Gordon Parks bought his first camera when he was living in St Paul in the 1930s. 

Now his photographs exploring Black life are the focus of a new exhibition at the Minneapolis Institute of Art.

"I'm thrilled. This has been four years in the making," said Casey Riley, Chair of Global Contemporary Art at the Minneapolis Institute of Art.

Through his lens, Parks captured some of the most compelling images of the 20th century and the exhibition brings one of his most successful creative collaborations into clearer view.

"It's such a privilege to have this particular series here because it's the first time that all of this material has been shown publicly in this way," said Riley. 

"American Gothic: Gordon Parks and Ella Watson" features nearly 60 photographs Parks took while working as a photography fellow at the Farm Security Administration in racially segregated Washington D.C. in 1942.

Most of the pictures are of Watson, who was a custodian in the building and allowed Parks to photograph various aspects of her life like care, faith, labor and community.

"What I really want people to understand is that she's not just a symbol. She is a human being and Gordon Parks, his incredible gift was to demonstrate the multifaceted nature of this person's life and identity," said Riley.

Museum officials say showcasing Parks' work is particularly meaningful because he developed his interest in photography while he lived in Minnesota.

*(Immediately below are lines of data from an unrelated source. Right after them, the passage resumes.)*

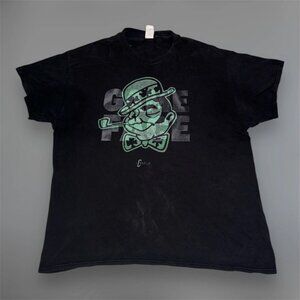 90s Vintage Boston Celtics T-shirt XL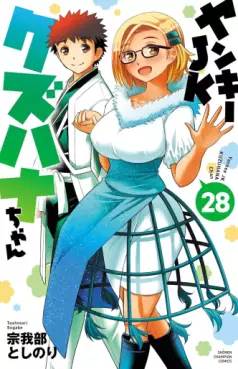 Yankee JK Kuzuhana-chan jp Vol.28
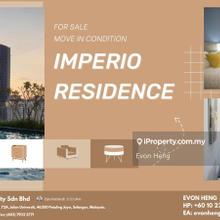Imperio Residence Studio Unit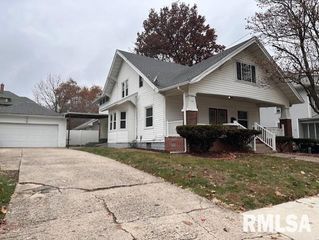 143 PROSPECT Street, Jacksonville, IL 62650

"It's really special to have this series here because he's a hometown hero for us and there are deep connections. In fact, there are still living relatives of his here in the Twin Cities," said Riley.
Museum officials say the exhibition is more than just a series of snapshots.

It's a window into the world of African Americans before the Civil Rights movement, revealed through works of art."

"It really demonstrates a partnership between two Black federal employees at a pivotal moment in American history. I think the conversation, the visual story that unfolds between them is incredibly compelling and something that deserves our attention," said Riley.

The exhibition opened this past weekend and runs through June 23.